» **Exercise brief**:
The line with "1050 S Burlington" marks the first line to copy, and the line with "Vliegtuigen razen over stadion" marks the last. Transcribe that stretch of the data below exactly, without pictures.

» **Available data**:
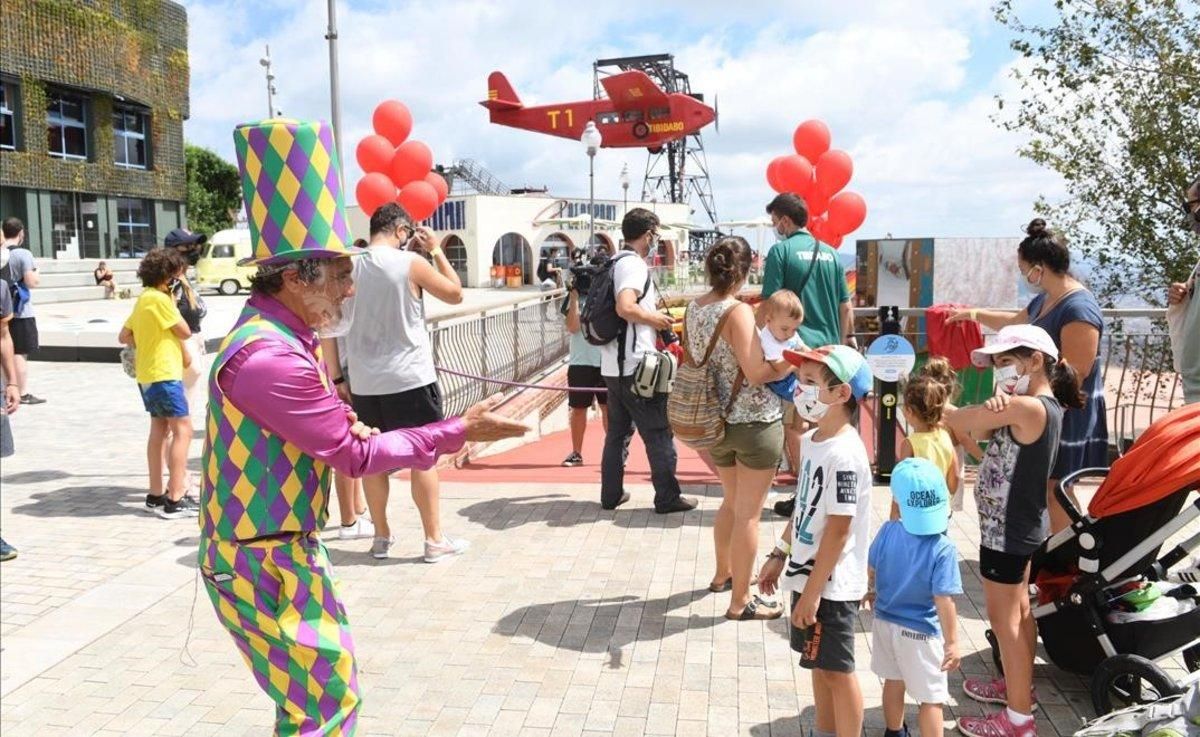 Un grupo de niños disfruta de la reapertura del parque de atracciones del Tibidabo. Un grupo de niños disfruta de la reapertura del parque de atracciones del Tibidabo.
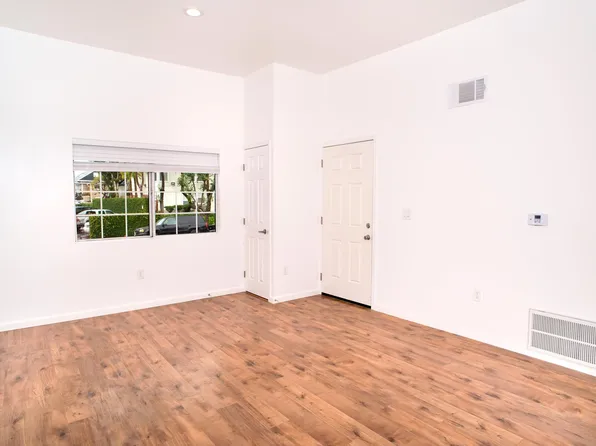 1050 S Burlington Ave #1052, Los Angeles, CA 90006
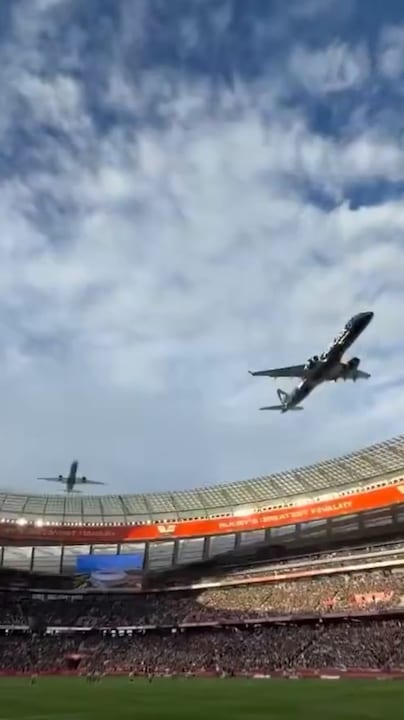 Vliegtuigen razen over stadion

---

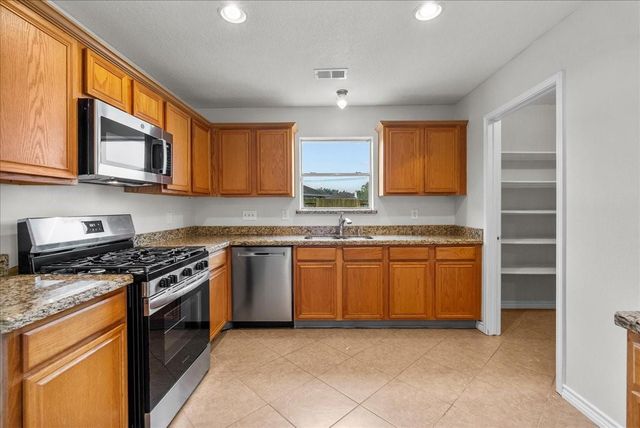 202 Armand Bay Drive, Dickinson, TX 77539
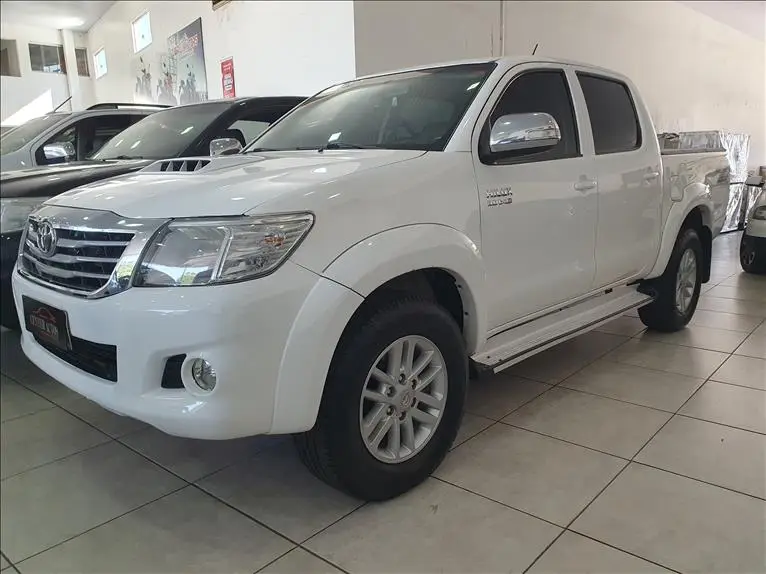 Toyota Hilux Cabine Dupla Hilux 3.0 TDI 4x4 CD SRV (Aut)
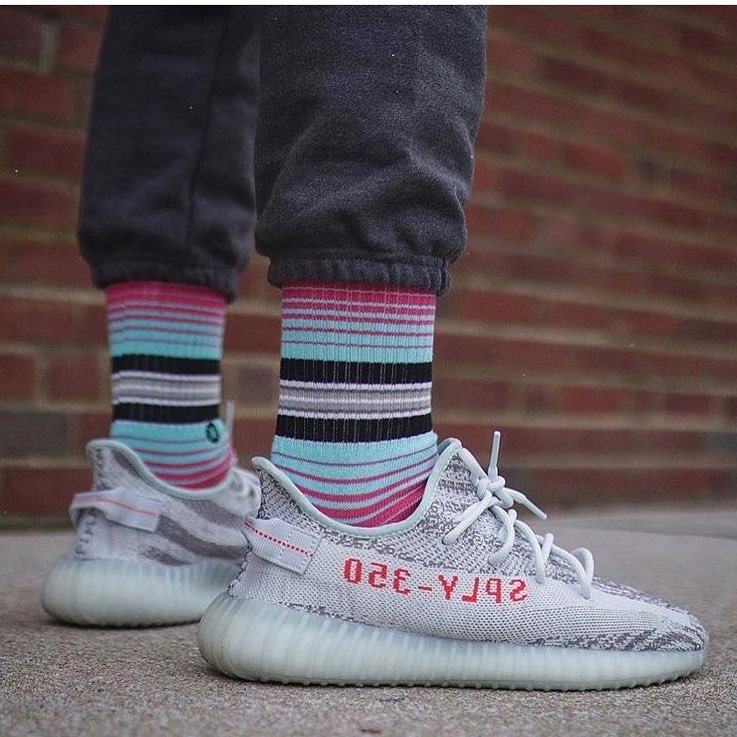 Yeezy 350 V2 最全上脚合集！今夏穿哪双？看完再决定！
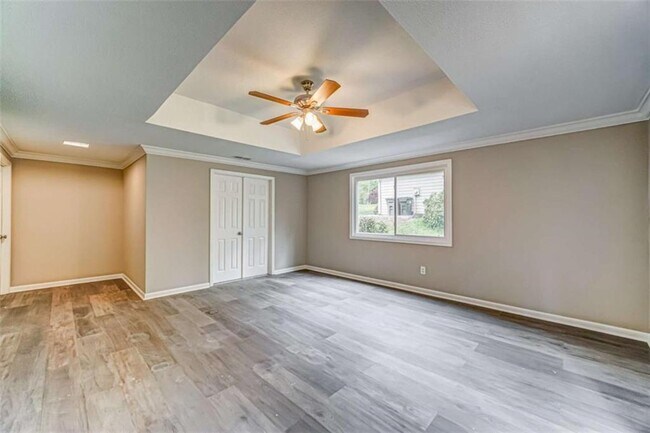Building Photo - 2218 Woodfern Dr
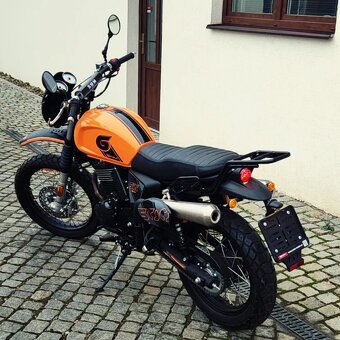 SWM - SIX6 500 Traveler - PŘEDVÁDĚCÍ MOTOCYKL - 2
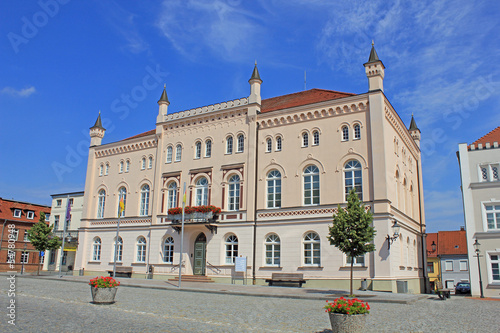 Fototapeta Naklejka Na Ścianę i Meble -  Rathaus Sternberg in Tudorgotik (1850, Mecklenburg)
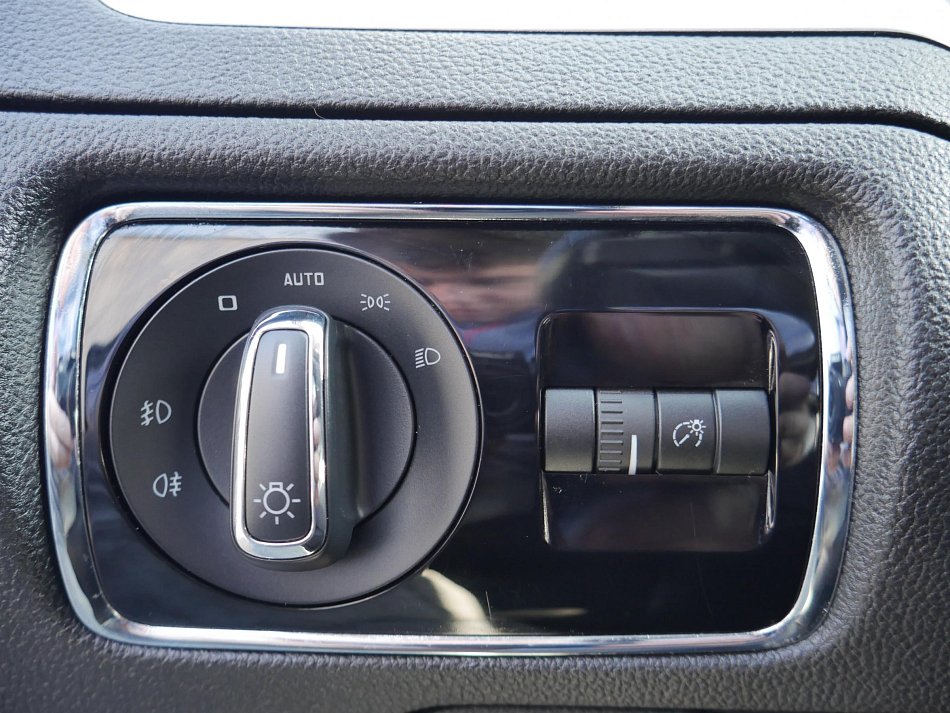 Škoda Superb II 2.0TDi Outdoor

==

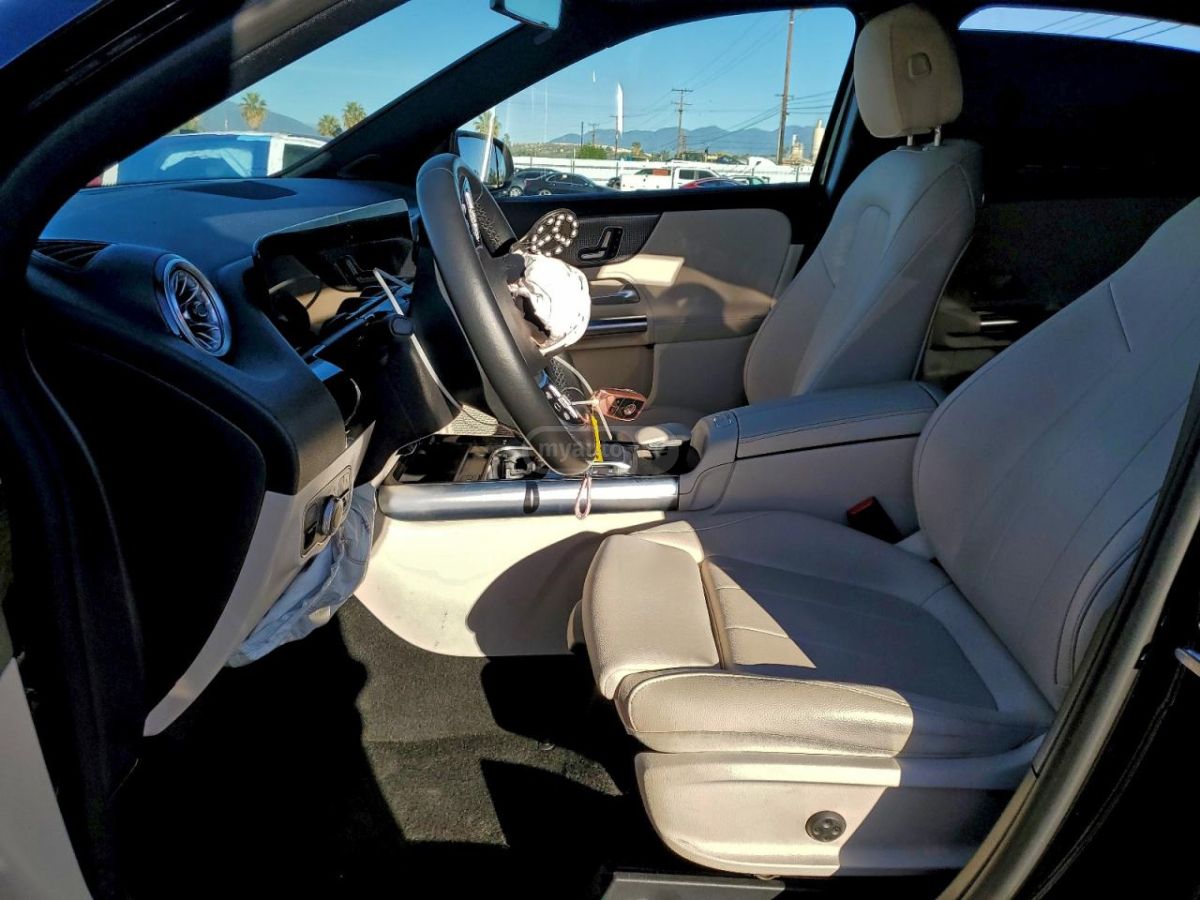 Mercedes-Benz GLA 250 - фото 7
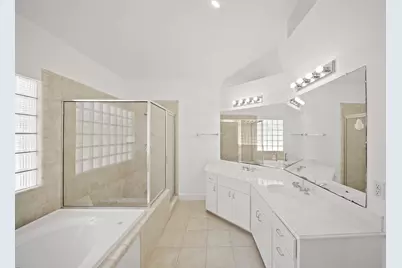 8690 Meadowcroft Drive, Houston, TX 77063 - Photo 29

» **Task answer**:
 1050 S Burlington Ave #1052, Los Angeles, CA 90006
 Vliegtuigen razen over stadion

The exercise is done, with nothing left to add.